先日、NHKで深夜「私の1冊 日本の100冊」という特集番組があった。
チャンネルをひねっていて偶然見つけただけなので、特に集中して見ていたわけではないのだが、なかなかに面白くついつい引き込まれていった。
「本とはなんぞや」という大上段なテーマを抱えたものではなく、作家やタレントらゲストが選ぶ「これこそ自分にとってかけがえのない一冊」を紹介しながら、本のよさや使命をごく自然に語っていくという番組だった。
見ながら、自分にとっての一冊はなんだろうということや、幼いときはどんな本を読んでいたんだろうと思い返してみた。
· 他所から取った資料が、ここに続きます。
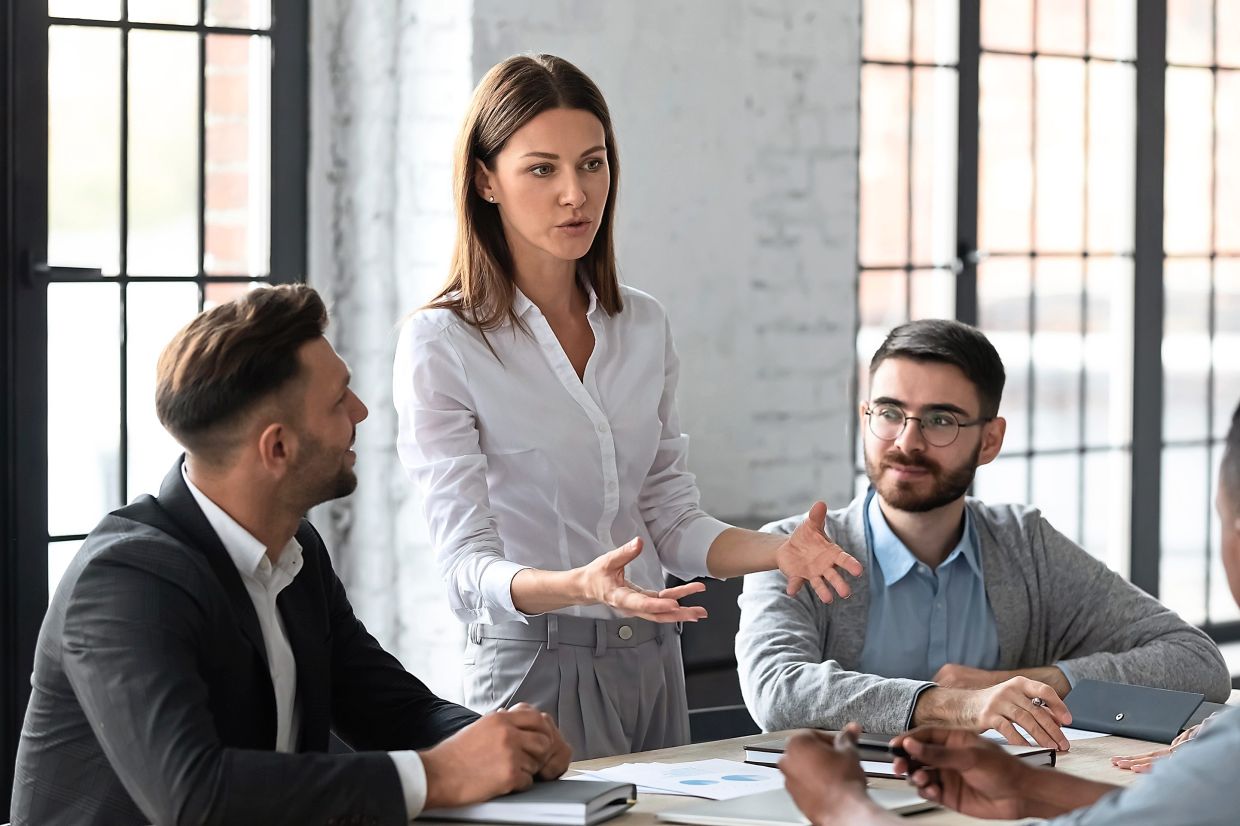 Nghiên cứu cho thấy phụ nữ tuổi nào cũng gặp bất công trong công việc, nguyên nhân sâu xa là gì? - Ảnh 3. Nghiên cứu cho thấy phụ nữ tuổi nào cũng gặp bất công trong công việc, nguyên nhân sâu xa là gì? - Ảnh 3.
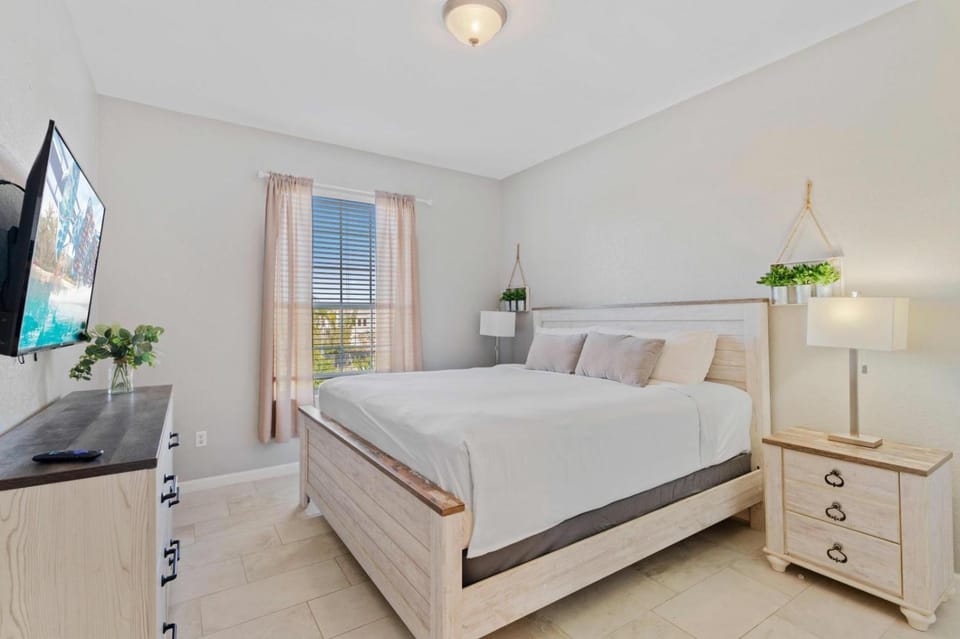 4114-306 Spacious 3bd condo at Vista Cay Resort Apartment in Orlando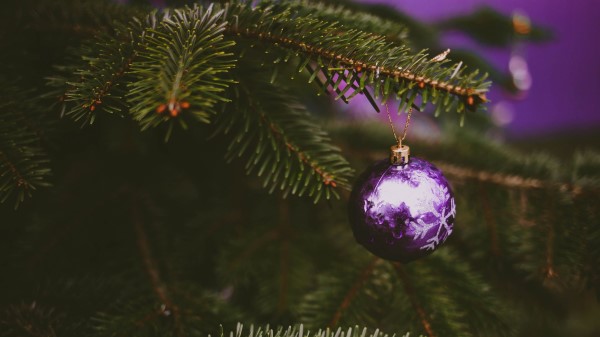 Tree Decoration Ball Wallpaper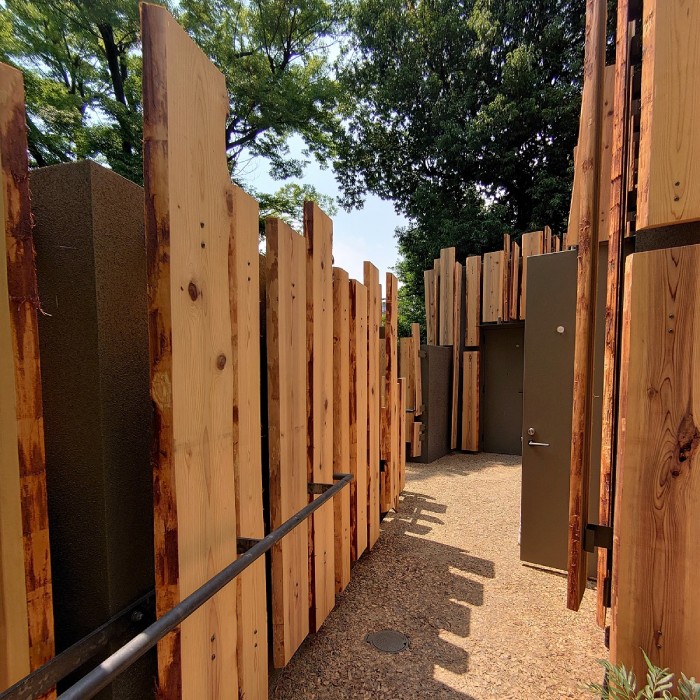 公園の公衆トイレの看板を製作（場所：渋谷）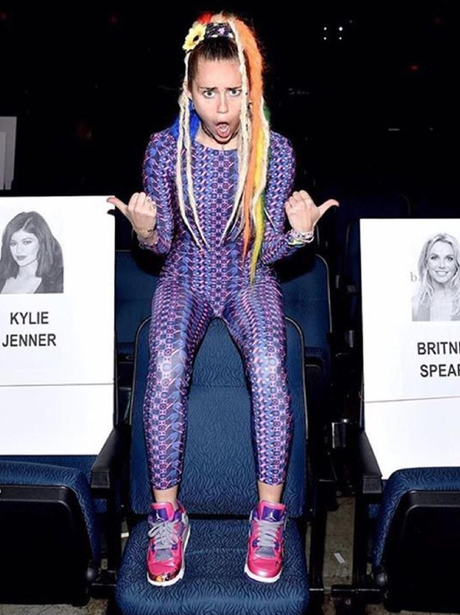 Miley Cyrus VMA's 2015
印象に残っている本は多数あるのだが、ふと、小学5年生の頃に読んだ「ぼくがぼくであること」(山中恒 作)のことを思い出した。学校の図書室で借りたんだと思う。
思春期にはまだ手が届かない世代の少年が、偶然に家出をし、不思議な体験をしながら成長していくという内容だったと思う。同世代の少年の姿が自分に重なり、幼いながらもやけに印象に残った。未だにすぐに思い出せるタイトルも強烈なインパクトを残している。
同時期に、単発ドラマ化もされたと思う。
児童文学書ではあるが、Amazonでも入手可能なようなので、40年近く経った今、もう一回読んでみようと思う。
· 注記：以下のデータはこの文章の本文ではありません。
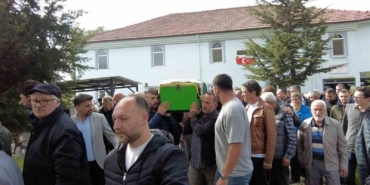 kazada-hayatini-kaybeden-genc-bayan-gozyaslari-icinde-topraga-verildi-hJKpKHy6.jpg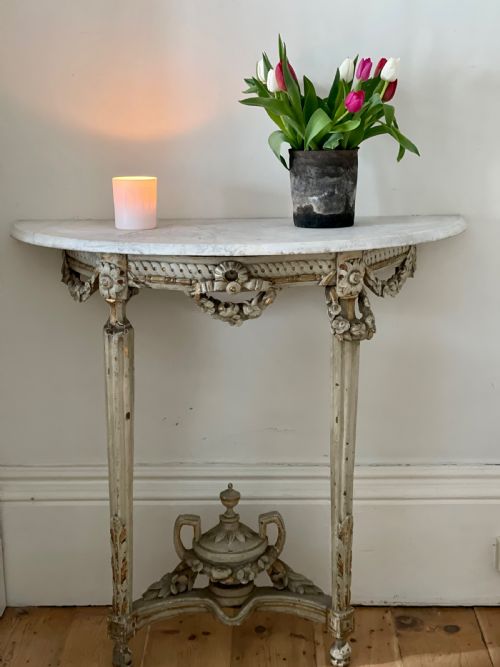 LATE 18TH CENTURY FRENCH CONSOLE WITH MARBLE TOP - ADDITIONAL PHOTO 4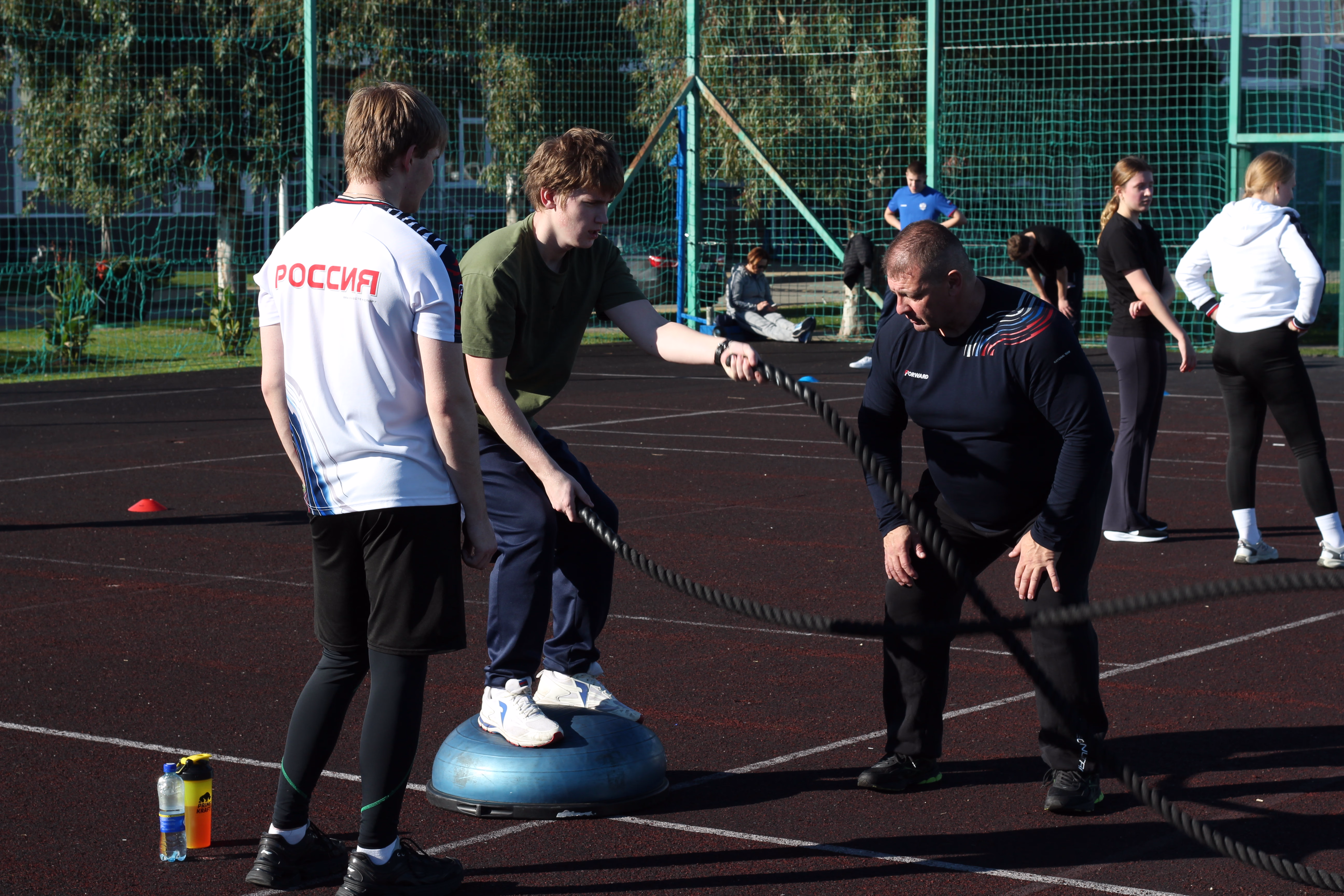 Групповые тренировки по стрельбе в спортивном лагере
それにしても、繰り返し読んだわけでもないのに、なぜこんなにも印象深いのだろう。しかも、なんとなくどんよりした甘酸っぱさのような、妙な香りが残っている。
ごく普通の少年だったあの頃、想像さえできない外の世界に惹かれていたのだろうか。それとも、当時の日常に不満でもあったのだろうか…。
そういえば、小学校高学年の頃は、SFモノや冒険モノばかり読んでいたような気がする。男の子はみな、そういう時期があるのだろうか。
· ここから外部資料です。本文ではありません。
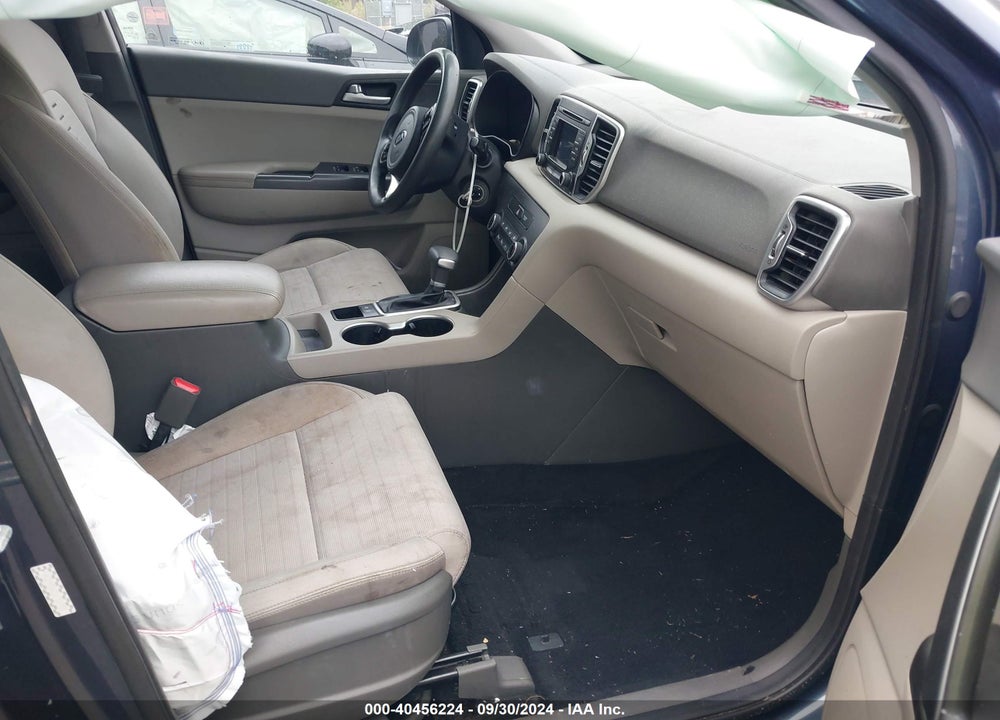 2018 KIA SPORTAGE LX VIN: KNDPM3AC3J7359932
昨日は、小学3年になる息子の誕生日だった。野球盤に興じる後ろ姿を見ながら、こいつもあと1〜2年も経てばそういことを考えるようになるんだろうかと思うと、なにか不思議な気分になる。
「私の1冊 日本の100冊」は、11/3から毎朝8:00〜8:10、BS-2でレギュラー化されるので、楽しみにしたい。